BEGIN DATASET RECORDS
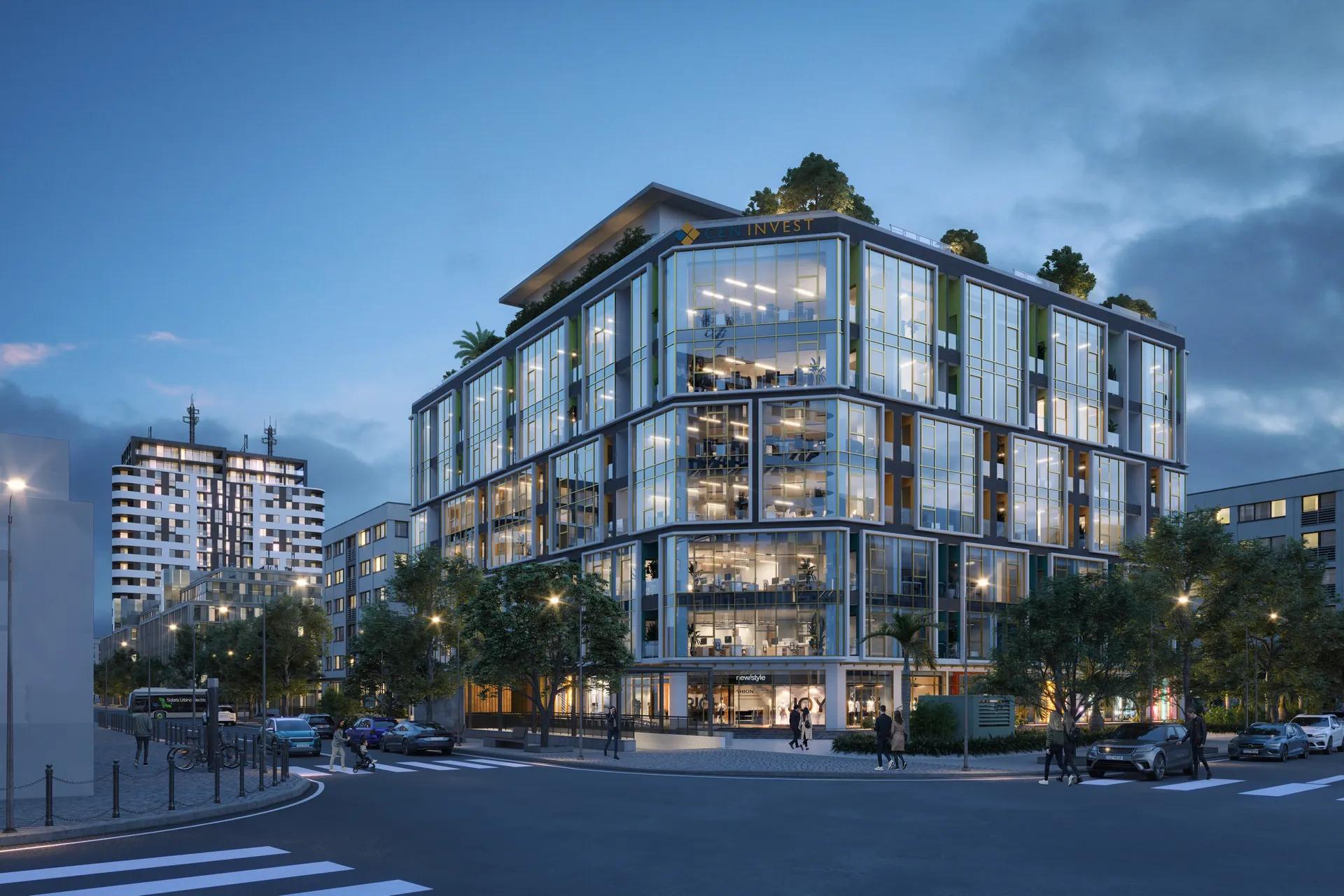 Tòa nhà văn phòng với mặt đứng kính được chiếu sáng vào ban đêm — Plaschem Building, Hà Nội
END DATASET RECORDS
BEGIN DATASET RECORDS
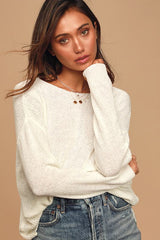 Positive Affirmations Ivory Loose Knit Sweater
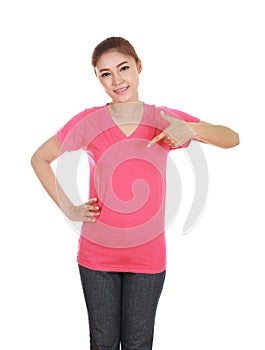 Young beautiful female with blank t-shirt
END DATASET RECORDS
What you write must match the listing exactly, from the line with "Positive Affirmations Ivory" up to and including the line with "Young beautiful female with blank t-shirt". Pictures stay out.

REPLY:
 Positive Affirmations Ivory Loose Knit Sweater
 Young beautiful female with blank t-shirt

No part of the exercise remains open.